By the way, I tried taking her to calm and busy streets and there's no difference. In calm streets, she does sometimes start walking and sniffing the grass but as soon as I'm not going where she wants to go she just sits there again. 

Does this mean she will be forever like this? I feel like she hates walks. She is not scared of the leash by the way because when I put it on at home she completely ignores it and walks normally.

Did you experience this? What should I do?


----------



## maggieh (Dec 16, 2007)

lovely_rea said:


> I have a 4 month old puppy who refuses to go on walks. We have been going on 'walks' for once or twice a day for a month now and every time is the same. She just sits or lays on the ground and doesn't move. We tried treats and when she sees we have a treat she begins to walk towards it, so we give her the treat and then she sits again. We always end up carrying her back home and as soon as she gets home she starts running around the house and playing and being really hyperactive.
> 
> Once, I waited around 45 minutes for her to start walking because someone told me I shouldn't carry her. She didn't start walking so I just picked her up and took her home.
> 
> ...


Were you in one place holding the treat? If so, she is equating the treat with walking towards you not with walking in general. The treat needs to be moving. With little ones, a small dab of peanut butter on the end of a long-handled wooden spoon that you are carrying as low as possible can be the right height to keep them moving.


----------



## LOVE_BABY (May 5, 2015)

My boy Baby did this too as a puppy. I want to encourage you to not give up. I kept at it bringing him out over & over & eventually he would walk a short distance & then lay down or sit so I would stand him on his feet again & he would walk a short bit & do the same thing again. I kept at it even though it was very frustrating. I gave Baby lots of encouraging words & talk to him the whole time saying things such as "Good Boy Baby!! Walk-walk!! Baby go walk-walk!!" I said things like this in a high screechy voice which I'm sure entertained my neighbors quite a bit lol. 

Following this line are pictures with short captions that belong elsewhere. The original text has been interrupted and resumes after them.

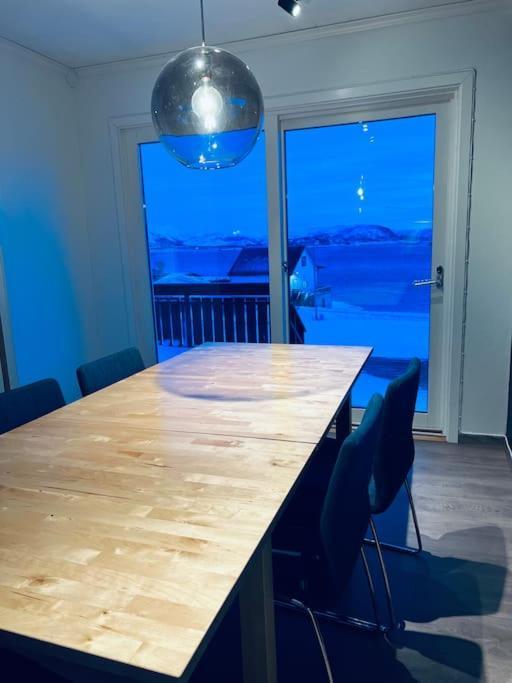 Holiday Home With Sauna In The Arctic Caribbean, Tromsø Zewnętrze zdjęcie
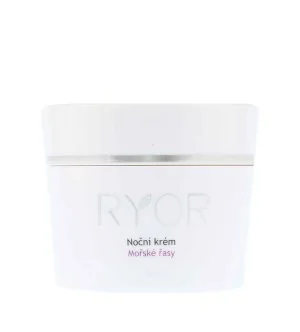 RYOR Crema notte alle alghe marine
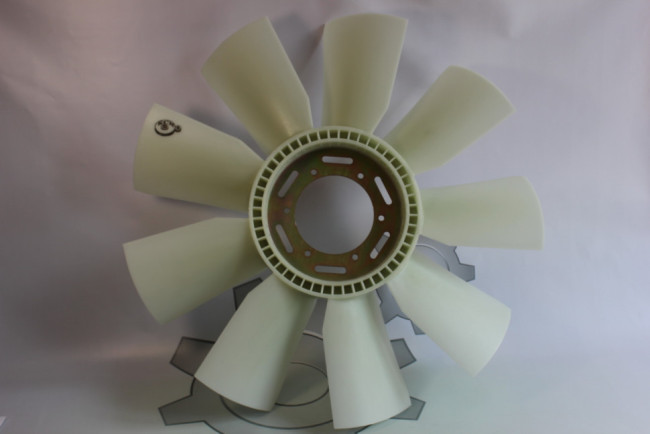 Крыльчатка вентилятора под вискомуфту дв. 7511,658 (D-660мм) 7511-1308012 купить в интернет-магазине tuning63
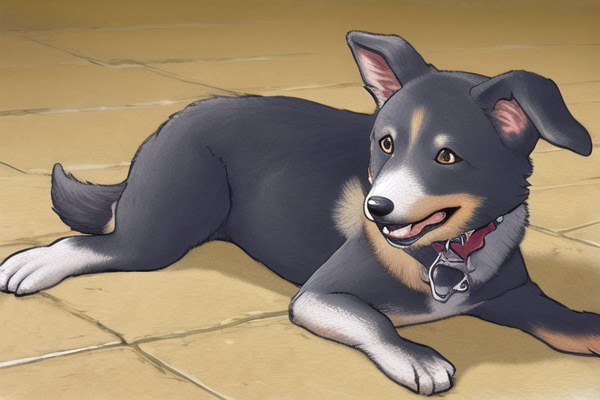 犬の声の種類とその原因とは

Another thing to point out is that sometimes Baby won't walk when he has to 'go potty', sometimes a dog will stop walking because it has to 'go'. Try putting your dog on the grass & tell to 'go potty'. Whenever my dog doesn't want to walk nowadays as an adult dog needing to potty is usually the reason. With my persistence & time Baby has turned into a pretty good walker most of the time. He will make it about 1/2 way around the block & then tries to lay down in the grass, but that is because Baby loves nothing better than laying down on any cushy green lawn, he has a thing for plush grass lol. I just get him back up on his feet & we continue on. He has improved so much since those puppy days. I think Maltese puppies are notorious for not wanting to take walks outside at first. I recommend don't give up --because it most likely will get better!


----------



## Kathleen (Aug 4, 2011)

You could also try practicing in the house where there are fewer distractions.
You can let her wear the harness and leash in the house for a while too (while supervised) so that she is more accustomed to the feeling of moving with it on.
With a few of mine, I have had to start with real baby steps. Stand next to her, lean forward and hold the treat right in front of her nose and try to get her to take just one step forward. If she does, give her the cookie and eventually she will get it that with every step she gets a cookie. Then increase to a couple of steps then treat and gradually space the treat out so that she gets them intermittently as she is walking forward.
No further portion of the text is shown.